A Comment On Compensatory Picks And The Transition Tag

Now that the deluge of free agency signings is behind us, this gives me a moment to comment on something that was discussed during that deluge.  The Dolphins rescinded the transition tag that they had originally placed on Olivier Vernon.  Adam Schefter generating the prevailing reason among the media as to why:


I was actually worried about the opposite: that a player whose transition tag was rescinded would not qualify as a CFA.  Before Vernon, there was no known precedent for such a move. However, in the NFL’s official press release on free agency, Vernon was listed as a Miami UFA, so we have every reason to believe he will qualify as a CFA. And indeed, he’s currently slated to get the Dolphins the second-highest comp pick, a 3rd round pick right behind Brock Osweiler for the Broncos.

However, I’m not so sure if the Dolphins needed to worry about rescinding the transition tag. That’s because there is precedent to suggest that transition tagged players qualify as CFAs. That precedent was from 2007, when Steve Hutchinson qualified in the aftermath of the infamous poison pill war between the Seahawks and Vikings.  However, Schefter is one of the most respected insiders in the NFL, so it bears considering if the rule on transition tagged players has changed since 2007, perhaps as part of the change to the CBA.  While I can’t say for sure, I wonder if perhaps the Dolphins inquired to the league office about what consequences their actions regarding Vernon would occur with regards to compensatory picks.

The good news is that we should get a definitive answer on this question in a few weeks–and if there’s a change, that could be even better news for the Buffalo Bills. That’s because last offseason, they signed transition tagged Charles Clay to an offer sheet that the Dolphins did not match. In my final 2016 compensatory picks projection (in which I have Clay qualifying), I did not list Buffalo as getting any picks, but did make a note that they have a very good chance to get a 6th round comp pick for CJ Spiller if Alex Carrington does not qualify.  But if Clay does not qualify, he will change the cancellation chart for the Bills even more favorably.  If Clay, with a 4th round value, is removed from the chart, it will open up a respective 4th or 5th round comp pick for Da’Norris Searcy (as he is on the bubble between the two rounds).

So suffice to say, the Bills could have a wide array of compensatory pick scenarios for the 2016 NFL draft.  They could get nothing, or they could get 4th and 6th round picks.

  • Kevin78

    The CBA explicitly states that the rules governing compensatory selections will remain the same as under prior CBAs subject to future changes only. I haven’t found any indication elsewhere that since August 2011 the NFL and NFLPA agreed to changes regarding it.

    • Nick

      I agree with that, and that’s why I think Clay will still qualify. It’s still good to keep your bases covered just in case.

  • theowl

    Random thoughts…

    I was thinking about CJ Anderson and the comp pick the Broncos would get if they don’t match when the thought occurred to me… maybe they match, then include him a Kaepernick trade. Of course the Broncos won’t need an Anderson loss to bolster their comps. They will max out regardless.

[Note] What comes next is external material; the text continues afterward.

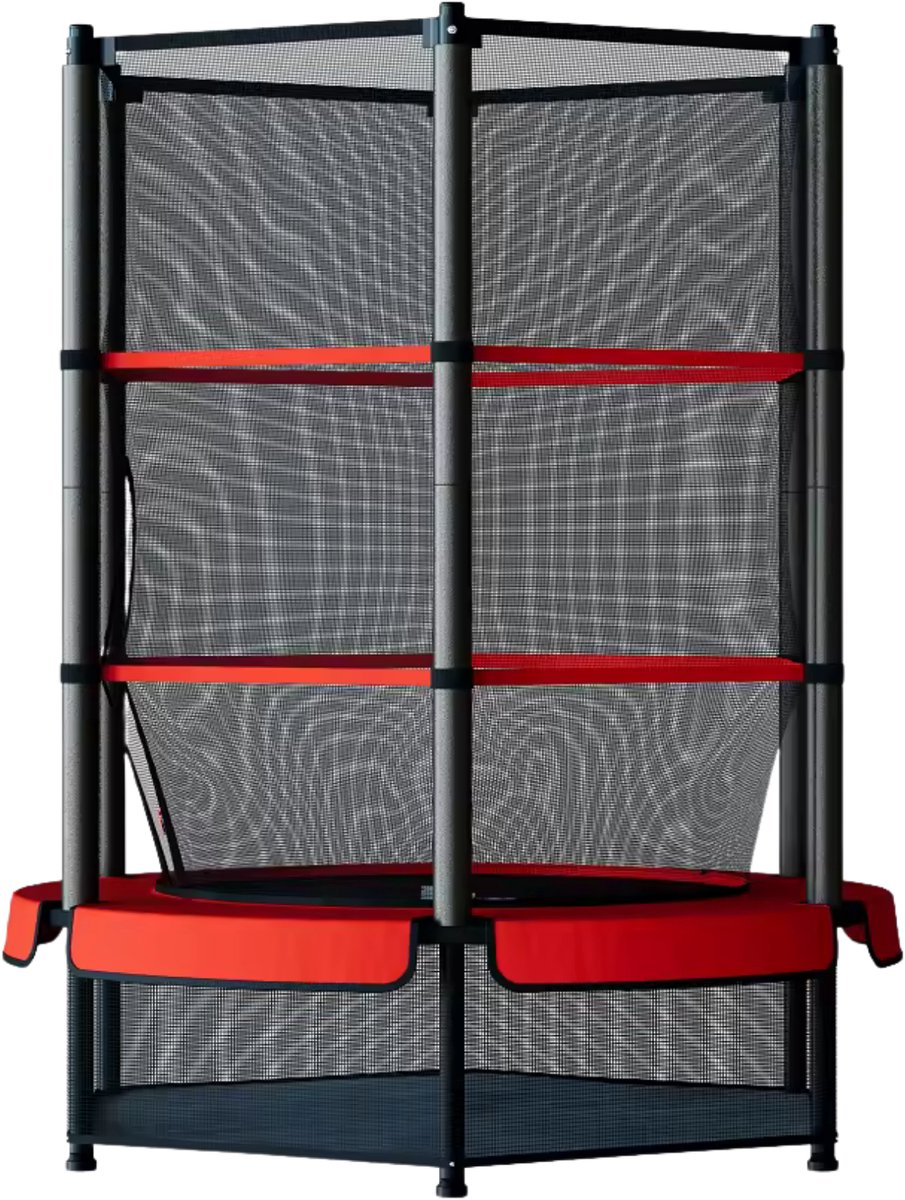 RocketJump LF14 Trampoline - Inclusief veiligheidsnet - Kindertrampoline 140 cm - Rood — afbeelding 2
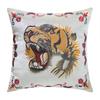 Tiger Head Embroidered Pillow Cover American Retro High Quality Cushion Cover Pillows Decor Home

    2017, most certainly, will be the first year in a while the 49ers aren’t among the teams getting comp picks.

    JR Sweezy for 6 mil per year! That seems crazy. The Seahawks can throw anyone into free agency and get a sweet comp pick.

    • Nick

      The $5.25M signing bonus the Dolphins included should preclude a trade. That’s just too much dead money to yield for any team, let alone a currently cap-strapped one like the Broncos.

      • theowl

        True. I didn’t know the bonus at the time. I was thinking a bunch of money guaranteed up front… TB or Oak style. Wonder if there has there ever been a sign, match and trade to a third team. Thanks

        • theowl

          Nick,
          I was looking through the rules regarding restricted free agents and it seems the Broncos could trade their right of first refusal during the 5 day window, but only if CJ Anderson agrees. Am I reading this correctly?